Это глубокое значение раскрывается как раз в высмеивании морализаторства и научного важничанья, оно – в духе подлинного гуманизма, выступающего против окостенения и поверхностности, которые вскрывает это книга. Утопическая юмореска нравов (игра слов: Моres – имя «Мор» в род. падеже (нем.) и одновременно «нравы» (лат.) – прим. ред.) – так, пожалуй, можно назвать его книгу – произрастает из тех же корней, что и другие произведения, посвященные глупости современного им мира. Здесь гуманист представляет собой того, кем он и должен собственно быть, согласно Мору и Эразму: свободный дух, чье образование дает ему независимость как от хлама прошлого, так и от идолов театра, под которыми со времени Бэкона понимались тщеславное очковтирательство бесплодной учености. В этой свободе смешиваются открытая миру урбанизация стремящейся к власти буржуазии, особенно в Англии времени Тюдоров, и та еще живая, глубокая христианская набожность, для которой дух жизнерадостности и знание о суетности и ничтожности всего земного являются не противоречиями, но необходимыми дополнениями.

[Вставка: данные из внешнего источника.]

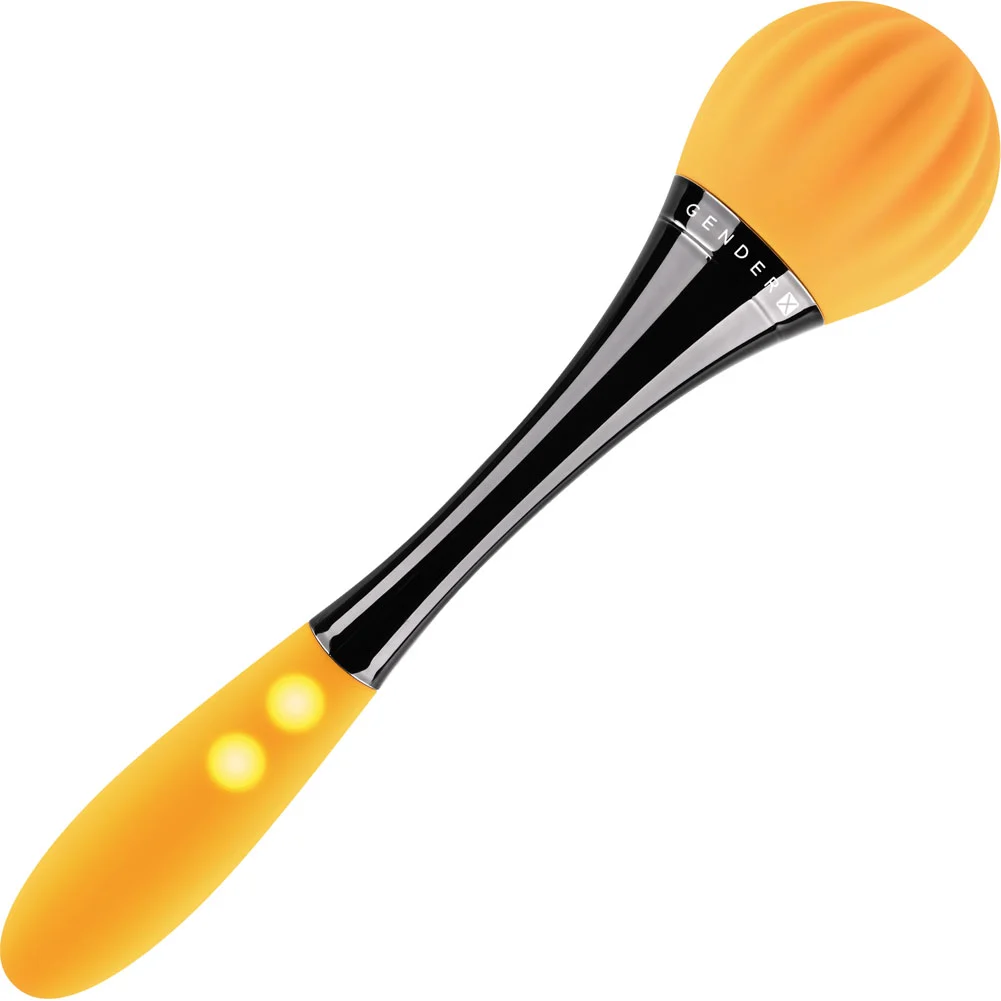 Gender X Sunflower Double-Ended Vibrating Wand, 7.5", Yellow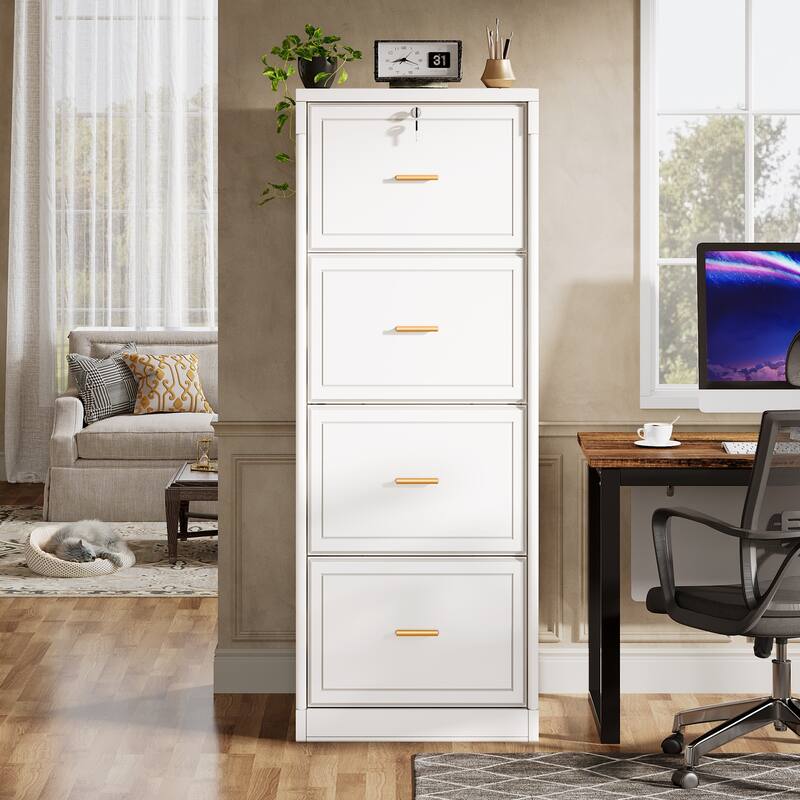 4-Drawer File Cabinet with Lock and Key, Vertical Wooden Filling Cabinet for A4/Letter/Legal Size Files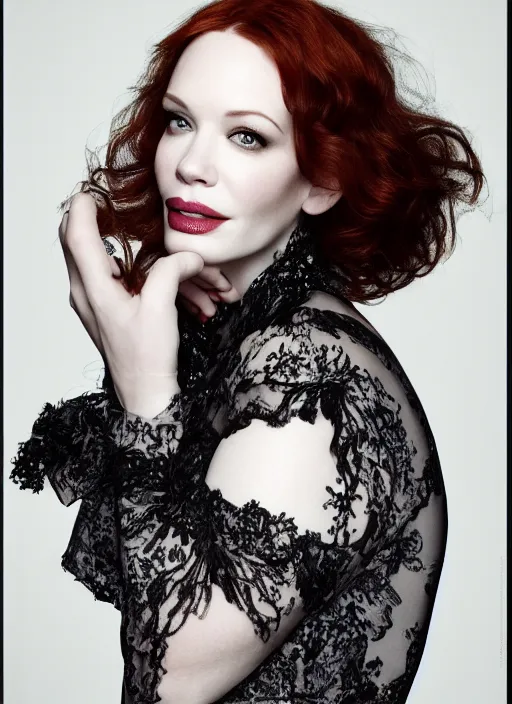 Prompt: portrait of christina hendricks and liv tyler hybrid by mario testino, headshot, detailed, award winning, sony a 7 r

Подобный гуманистический дух Мор раскрывает те только в диалектике своей полной юмора иронии, но и показывает его непосредственно в нескольких местах рассказа, предшествующего «Утопии» и задающего рамки произведения. В такой же степени сюда относится критика придворной и аристократической бездуховности, а также капиталистической эксплуатации крестьян со стороны развивающей ткацкое производство буржуазии, что, однако, никак нельзя истолковывать как пропаганду Мором коммунизма, который, напротив, – в предварительном рамочном рассказе – отвергается как тормозящий достижения и противный справедливости. И в этом состоит весьма красноречивое предостережение некритичного отношения к утопическому раю42.